Los papeles de las obras de teatro y los solos de canto o instrumentales no se otorgan más que a aquellos eufonianos cuya organización y talento especial les convierten en los más adecuados para ello. La elección se determina en un concurso que se hace pública y pacientemente ante el pueblo entero, empleando para ello todo el tiempo que sea necesario. Así, con motivo de la celebración del aniversario decenal de la fiesta de Gluck, se buscó durante ocho meses entre las cantantes a la más capaz de cantar y representar a Alcestes; cerca de mil mujeres fueron escuchadas sucesivamente para ello.

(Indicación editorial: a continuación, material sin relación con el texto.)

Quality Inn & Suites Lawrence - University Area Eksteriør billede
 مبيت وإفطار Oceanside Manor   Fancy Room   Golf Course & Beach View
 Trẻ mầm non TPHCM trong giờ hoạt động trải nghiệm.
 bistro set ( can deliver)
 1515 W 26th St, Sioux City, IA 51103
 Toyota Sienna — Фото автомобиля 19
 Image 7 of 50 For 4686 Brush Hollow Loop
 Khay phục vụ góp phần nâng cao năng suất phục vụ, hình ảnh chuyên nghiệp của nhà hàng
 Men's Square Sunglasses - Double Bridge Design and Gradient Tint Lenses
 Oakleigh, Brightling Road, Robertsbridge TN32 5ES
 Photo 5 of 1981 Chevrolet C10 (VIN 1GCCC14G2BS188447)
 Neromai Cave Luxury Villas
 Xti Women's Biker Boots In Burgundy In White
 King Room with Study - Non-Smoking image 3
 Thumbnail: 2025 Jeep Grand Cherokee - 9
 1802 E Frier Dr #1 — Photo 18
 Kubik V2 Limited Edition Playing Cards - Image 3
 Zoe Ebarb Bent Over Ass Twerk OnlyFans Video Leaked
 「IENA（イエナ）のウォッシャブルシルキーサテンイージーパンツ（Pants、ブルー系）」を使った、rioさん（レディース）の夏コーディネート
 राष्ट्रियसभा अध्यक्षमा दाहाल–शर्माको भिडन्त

No existen en Eufonía primeras figuras ni privilegios para determinados artistas en detrimento del arte. No se conocen derechos de posesión de los primeros papeles, mucho menos si tales papeles no convienen en modo alguno a su género de talento o a su físico. Los autores, los ministros y los prefectos precisan las cualidades esenciales que hay que reunir para desempeñar convenientemente tal o cual papel o representar a uno u otro personaje; se busca entonces al individuo mejor provisto de tales cualidades y, aunque se trata del más oscuro habitante de Eufonía, apenas se le descubre es elegido. Algunas veces nuestro gobierno musical se esfuerza en vano. Es así como, en 2320, después de haber buscado durante quince meses a una Eurídice, no hubo más remedio que renunciar a poner en escena el Orfeo de Gluck, a falta de una joven lo bastante bella como para representar a esta poética figura y lo bastante inteligente como para comprender su carácter.

Se cuida la educación literaria de los eufonianos; pueden apreciar, hasta un cierto punto, las bellezas de los grandes poetas antiguos y modernos. Aquellos que mostraran una ignorancia e incultura completa a este respecto no podrían nunca aspirar a funciones musicales algo elevadas.

Es así como, gracias a la inteligente voluntad de nuestro emperador y a su infatigable solicitud por la más poderosa de las artes, Eufonía se ha convertido en el maravilloso conservatorio de la música monumental.